Saturday, April 3, 2010

April 3, 2010

       Rudyard Kipling wrote, "When you're wounded and left on Afghanistan's plains/ And the women come out to clean up the remains/ Just roll on your rifle and blow out your brains/ And go to your god like a soldier."  He was writing, of course, about Britain's ultimately unsuccessful effort to colonize Afghanistan.  Some generations later, the Soviets failed too.  And now are we?  I think so. 

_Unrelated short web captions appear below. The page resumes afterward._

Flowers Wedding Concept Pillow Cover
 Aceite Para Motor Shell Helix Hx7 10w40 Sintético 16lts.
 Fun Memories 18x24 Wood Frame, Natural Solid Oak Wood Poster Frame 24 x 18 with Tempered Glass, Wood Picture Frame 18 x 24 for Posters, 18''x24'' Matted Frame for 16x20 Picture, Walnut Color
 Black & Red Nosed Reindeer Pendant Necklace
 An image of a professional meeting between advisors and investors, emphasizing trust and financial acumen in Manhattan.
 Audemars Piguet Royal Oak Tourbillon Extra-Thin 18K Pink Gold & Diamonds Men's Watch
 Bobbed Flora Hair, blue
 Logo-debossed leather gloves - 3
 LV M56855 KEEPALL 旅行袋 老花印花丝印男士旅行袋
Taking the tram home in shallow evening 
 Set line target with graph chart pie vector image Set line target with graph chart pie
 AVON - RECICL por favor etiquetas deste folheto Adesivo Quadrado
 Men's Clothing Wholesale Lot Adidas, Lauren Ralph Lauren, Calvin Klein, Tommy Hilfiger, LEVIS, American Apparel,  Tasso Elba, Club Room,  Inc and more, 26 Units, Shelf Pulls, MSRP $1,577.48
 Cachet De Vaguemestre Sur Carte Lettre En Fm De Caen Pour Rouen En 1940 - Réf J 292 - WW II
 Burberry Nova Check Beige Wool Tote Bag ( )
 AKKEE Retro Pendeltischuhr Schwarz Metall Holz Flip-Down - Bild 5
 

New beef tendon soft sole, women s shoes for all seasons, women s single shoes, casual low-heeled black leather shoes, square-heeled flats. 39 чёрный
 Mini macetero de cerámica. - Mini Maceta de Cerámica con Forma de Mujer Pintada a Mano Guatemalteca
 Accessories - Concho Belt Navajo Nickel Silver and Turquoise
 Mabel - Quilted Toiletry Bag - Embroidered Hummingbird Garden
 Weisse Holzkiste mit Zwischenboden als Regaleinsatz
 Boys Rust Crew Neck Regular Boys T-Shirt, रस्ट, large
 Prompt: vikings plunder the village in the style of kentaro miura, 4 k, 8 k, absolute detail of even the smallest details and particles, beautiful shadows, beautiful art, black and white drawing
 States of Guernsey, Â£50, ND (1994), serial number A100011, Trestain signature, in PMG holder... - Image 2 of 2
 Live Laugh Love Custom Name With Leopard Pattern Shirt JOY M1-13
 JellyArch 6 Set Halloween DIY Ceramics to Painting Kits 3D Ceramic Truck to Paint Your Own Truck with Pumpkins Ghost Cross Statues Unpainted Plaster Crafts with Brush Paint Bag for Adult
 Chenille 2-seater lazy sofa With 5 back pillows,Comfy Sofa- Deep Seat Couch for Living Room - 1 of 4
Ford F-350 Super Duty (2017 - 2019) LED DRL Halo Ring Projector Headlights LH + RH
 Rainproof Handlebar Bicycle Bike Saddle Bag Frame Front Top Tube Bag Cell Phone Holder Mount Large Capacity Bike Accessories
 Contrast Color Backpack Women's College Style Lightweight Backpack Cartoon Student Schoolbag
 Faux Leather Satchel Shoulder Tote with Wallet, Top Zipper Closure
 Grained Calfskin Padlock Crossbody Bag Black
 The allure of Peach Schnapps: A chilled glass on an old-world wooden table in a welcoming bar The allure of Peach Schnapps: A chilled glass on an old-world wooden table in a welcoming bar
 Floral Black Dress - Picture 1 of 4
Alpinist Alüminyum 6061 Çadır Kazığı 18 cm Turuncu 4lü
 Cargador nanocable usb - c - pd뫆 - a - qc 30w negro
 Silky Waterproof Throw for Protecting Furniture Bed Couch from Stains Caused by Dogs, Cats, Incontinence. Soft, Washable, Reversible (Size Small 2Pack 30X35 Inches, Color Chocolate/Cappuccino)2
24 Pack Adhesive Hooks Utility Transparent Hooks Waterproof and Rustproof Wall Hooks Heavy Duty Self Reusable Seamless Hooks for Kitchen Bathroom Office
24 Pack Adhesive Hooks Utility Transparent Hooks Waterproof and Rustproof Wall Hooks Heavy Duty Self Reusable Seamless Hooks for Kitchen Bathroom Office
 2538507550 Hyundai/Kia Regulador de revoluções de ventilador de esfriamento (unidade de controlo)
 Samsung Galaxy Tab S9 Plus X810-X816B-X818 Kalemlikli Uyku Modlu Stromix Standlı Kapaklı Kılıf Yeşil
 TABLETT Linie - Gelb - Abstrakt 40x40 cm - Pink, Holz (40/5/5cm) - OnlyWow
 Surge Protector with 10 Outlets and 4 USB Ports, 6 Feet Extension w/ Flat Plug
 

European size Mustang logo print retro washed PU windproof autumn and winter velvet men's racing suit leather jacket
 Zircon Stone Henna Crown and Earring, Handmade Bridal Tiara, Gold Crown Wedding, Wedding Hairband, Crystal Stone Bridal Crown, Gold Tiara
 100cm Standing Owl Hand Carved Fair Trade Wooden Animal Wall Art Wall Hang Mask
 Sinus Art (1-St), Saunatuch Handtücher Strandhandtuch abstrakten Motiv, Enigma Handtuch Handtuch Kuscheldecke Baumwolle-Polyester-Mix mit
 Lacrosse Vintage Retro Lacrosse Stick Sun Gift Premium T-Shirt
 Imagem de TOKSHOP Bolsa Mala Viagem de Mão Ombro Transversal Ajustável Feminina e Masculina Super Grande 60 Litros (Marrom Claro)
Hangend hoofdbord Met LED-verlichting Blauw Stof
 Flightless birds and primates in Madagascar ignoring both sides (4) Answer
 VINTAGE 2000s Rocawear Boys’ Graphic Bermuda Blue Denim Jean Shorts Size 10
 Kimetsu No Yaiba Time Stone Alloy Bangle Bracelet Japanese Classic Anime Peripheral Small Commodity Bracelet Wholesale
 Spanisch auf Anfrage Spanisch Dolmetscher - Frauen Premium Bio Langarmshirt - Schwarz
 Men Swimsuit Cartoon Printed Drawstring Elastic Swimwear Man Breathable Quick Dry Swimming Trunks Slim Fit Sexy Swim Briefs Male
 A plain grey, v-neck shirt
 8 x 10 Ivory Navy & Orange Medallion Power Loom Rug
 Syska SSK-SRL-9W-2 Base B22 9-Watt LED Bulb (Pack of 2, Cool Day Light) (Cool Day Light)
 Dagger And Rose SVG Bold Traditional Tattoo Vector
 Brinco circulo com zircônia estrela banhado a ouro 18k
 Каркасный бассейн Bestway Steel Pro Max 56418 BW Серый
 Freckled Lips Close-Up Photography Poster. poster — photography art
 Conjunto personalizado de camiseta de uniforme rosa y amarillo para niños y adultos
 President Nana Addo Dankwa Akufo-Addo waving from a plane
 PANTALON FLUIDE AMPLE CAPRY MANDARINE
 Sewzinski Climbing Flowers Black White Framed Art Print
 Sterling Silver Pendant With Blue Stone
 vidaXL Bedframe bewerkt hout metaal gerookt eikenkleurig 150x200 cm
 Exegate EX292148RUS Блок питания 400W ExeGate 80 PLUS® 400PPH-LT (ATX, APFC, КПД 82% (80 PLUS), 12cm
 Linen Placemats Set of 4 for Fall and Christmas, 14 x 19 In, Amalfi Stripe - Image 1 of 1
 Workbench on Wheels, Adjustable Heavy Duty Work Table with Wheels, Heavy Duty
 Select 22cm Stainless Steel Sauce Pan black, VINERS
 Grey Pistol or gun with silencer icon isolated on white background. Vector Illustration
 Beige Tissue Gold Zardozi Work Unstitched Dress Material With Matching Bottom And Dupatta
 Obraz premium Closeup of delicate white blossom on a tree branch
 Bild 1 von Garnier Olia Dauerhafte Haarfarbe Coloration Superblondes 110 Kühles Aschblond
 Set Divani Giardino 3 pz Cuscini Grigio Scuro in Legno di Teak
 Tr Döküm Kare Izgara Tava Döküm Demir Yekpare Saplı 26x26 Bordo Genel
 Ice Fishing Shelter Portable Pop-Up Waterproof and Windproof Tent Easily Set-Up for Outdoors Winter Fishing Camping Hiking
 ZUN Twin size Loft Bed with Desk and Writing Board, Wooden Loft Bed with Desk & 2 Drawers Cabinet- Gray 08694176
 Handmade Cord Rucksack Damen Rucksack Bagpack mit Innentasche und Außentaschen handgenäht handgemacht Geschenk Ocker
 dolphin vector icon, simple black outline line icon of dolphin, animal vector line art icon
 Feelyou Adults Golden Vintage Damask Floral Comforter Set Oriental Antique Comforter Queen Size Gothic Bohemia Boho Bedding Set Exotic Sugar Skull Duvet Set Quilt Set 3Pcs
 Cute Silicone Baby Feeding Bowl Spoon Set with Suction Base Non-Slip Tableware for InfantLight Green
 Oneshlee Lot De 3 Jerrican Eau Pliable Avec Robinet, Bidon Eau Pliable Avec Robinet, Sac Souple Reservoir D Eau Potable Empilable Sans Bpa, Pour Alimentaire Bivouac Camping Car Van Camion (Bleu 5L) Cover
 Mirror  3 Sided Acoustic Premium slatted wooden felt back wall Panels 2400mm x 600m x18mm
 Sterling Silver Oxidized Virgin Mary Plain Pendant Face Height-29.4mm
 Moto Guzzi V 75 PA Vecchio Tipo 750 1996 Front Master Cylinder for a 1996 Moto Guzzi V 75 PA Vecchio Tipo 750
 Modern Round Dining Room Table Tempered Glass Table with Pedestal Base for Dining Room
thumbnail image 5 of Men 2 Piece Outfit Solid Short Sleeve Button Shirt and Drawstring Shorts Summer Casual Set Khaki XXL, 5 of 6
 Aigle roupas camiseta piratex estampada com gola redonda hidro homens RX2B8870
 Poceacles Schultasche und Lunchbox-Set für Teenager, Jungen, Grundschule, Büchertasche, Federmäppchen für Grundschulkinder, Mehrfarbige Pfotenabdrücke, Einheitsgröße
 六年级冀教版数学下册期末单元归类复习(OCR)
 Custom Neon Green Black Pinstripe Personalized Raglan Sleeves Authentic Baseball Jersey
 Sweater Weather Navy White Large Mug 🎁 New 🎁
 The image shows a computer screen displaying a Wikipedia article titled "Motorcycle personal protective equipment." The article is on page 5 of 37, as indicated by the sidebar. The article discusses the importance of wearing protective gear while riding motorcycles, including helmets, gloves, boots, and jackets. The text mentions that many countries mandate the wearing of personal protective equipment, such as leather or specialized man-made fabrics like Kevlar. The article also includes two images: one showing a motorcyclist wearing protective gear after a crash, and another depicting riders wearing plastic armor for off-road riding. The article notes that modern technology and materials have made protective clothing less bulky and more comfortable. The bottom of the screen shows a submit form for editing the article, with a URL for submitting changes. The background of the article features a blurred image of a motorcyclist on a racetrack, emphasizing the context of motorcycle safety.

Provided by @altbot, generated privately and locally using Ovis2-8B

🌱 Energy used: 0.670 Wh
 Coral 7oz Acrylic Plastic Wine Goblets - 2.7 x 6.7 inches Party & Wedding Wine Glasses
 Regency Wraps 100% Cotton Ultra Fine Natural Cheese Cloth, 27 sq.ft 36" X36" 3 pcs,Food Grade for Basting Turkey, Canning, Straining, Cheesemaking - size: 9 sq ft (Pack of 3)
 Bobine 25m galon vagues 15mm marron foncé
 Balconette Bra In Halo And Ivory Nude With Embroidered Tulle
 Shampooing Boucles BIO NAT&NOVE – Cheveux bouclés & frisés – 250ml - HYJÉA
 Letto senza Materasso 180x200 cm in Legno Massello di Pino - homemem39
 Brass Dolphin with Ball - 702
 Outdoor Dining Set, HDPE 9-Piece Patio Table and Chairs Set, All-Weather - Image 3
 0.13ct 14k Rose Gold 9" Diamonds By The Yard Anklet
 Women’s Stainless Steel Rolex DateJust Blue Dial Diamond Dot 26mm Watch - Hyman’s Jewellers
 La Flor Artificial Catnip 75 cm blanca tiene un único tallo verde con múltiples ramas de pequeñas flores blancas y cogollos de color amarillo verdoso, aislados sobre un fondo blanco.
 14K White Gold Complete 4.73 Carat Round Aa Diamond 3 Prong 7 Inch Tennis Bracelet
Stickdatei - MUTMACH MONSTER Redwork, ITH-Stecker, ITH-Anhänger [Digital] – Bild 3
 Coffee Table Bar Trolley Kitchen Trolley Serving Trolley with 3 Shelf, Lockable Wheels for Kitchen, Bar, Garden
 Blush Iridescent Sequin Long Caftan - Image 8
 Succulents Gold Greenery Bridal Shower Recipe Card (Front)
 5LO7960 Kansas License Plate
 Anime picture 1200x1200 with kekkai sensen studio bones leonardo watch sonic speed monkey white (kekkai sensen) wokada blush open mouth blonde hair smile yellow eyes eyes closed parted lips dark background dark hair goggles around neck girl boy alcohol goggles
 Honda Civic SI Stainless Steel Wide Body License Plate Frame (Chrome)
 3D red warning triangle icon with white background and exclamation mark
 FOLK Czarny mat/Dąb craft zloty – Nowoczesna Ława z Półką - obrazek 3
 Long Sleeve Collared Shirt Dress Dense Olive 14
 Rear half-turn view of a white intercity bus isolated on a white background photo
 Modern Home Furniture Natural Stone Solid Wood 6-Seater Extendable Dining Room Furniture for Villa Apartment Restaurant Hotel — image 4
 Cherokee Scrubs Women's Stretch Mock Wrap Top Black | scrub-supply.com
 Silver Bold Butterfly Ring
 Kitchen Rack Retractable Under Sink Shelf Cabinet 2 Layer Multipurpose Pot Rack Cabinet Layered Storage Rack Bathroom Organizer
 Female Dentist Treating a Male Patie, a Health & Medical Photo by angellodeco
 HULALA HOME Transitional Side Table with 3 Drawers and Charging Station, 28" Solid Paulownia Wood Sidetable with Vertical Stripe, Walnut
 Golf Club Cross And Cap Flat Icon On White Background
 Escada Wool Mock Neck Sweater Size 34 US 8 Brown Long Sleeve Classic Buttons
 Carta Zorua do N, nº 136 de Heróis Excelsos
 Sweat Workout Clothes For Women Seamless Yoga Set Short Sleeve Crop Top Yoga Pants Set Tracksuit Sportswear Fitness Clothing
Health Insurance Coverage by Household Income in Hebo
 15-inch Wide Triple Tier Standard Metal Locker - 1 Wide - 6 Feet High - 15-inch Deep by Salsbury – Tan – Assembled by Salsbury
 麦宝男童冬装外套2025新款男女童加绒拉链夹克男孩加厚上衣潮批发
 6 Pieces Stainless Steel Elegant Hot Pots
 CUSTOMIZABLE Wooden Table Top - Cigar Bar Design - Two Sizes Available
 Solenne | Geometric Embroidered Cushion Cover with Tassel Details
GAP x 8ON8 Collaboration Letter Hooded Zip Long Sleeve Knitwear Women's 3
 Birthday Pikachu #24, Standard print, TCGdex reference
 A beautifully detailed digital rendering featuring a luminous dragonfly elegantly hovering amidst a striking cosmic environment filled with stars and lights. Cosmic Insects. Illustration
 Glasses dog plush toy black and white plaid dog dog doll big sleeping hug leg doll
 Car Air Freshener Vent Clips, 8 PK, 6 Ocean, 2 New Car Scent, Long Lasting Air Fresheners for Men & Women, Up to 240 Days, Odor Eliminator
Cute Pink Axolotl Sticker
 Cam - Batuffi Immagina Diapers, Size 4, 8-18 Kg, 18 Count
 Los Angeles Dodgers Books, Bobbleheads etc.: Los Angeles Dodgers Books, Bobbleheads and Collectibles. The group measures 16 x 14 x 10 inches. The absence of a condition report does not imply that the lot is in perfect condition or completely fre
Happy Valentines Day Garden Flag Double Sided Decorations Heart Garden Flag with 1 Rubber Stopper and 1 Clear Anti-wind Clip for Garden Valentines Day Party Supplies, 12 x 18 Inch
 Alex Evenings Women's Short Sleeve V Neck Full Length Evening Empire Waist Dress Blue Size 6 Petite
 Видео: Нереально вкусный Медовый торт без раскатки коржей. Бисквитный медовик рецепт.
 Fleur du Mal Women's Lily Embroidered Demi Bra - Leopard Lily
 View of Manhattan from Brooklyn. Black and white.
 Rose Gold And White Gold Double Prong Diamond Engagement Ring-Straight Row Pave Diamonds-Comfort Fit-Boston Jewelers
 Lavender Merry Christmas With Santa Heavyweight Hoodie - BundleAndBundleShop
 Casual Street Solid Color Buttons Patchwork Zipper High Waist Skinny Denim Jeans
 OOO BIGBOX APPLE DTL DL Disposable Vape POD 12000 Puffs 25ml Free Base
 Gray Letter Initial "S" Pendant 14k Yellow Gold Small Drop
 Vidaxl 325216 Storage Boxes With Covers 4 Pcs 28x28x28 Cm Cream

     Afghani President Hamid Karzai attacked the West, including the United States this week.  He rejected accusations that his government--widely regarded as among the world's most corrupt--was involved in election fraud.  "There is no doubt that the fraud was very widespread," Karzai said, "but this fraud was not committed by Afghans--it was committed by foreigners."  This, mind you, coming from the guy who won.  As for the American and other NATO troops fighting for his government, he said, "There is a thin curtain between invasion and cooperation...."      Okay, Mr. President, I get it.  We've been in Afghanistan for eight years.  More than a thousand of us have died there.  Enough?  You bet.  Bob Herbert in today's New York Times, recalls the Rev. Dr. Martin Luther King's speech on April 4, 1967, urging the United States to leave Vietnam instead if increasing its commitment "in support of governments which were singularly corrupt, inept, and without popular support."  Good call then.  And now.      As they used to shout in all those Vietnam protest marches, "Out now."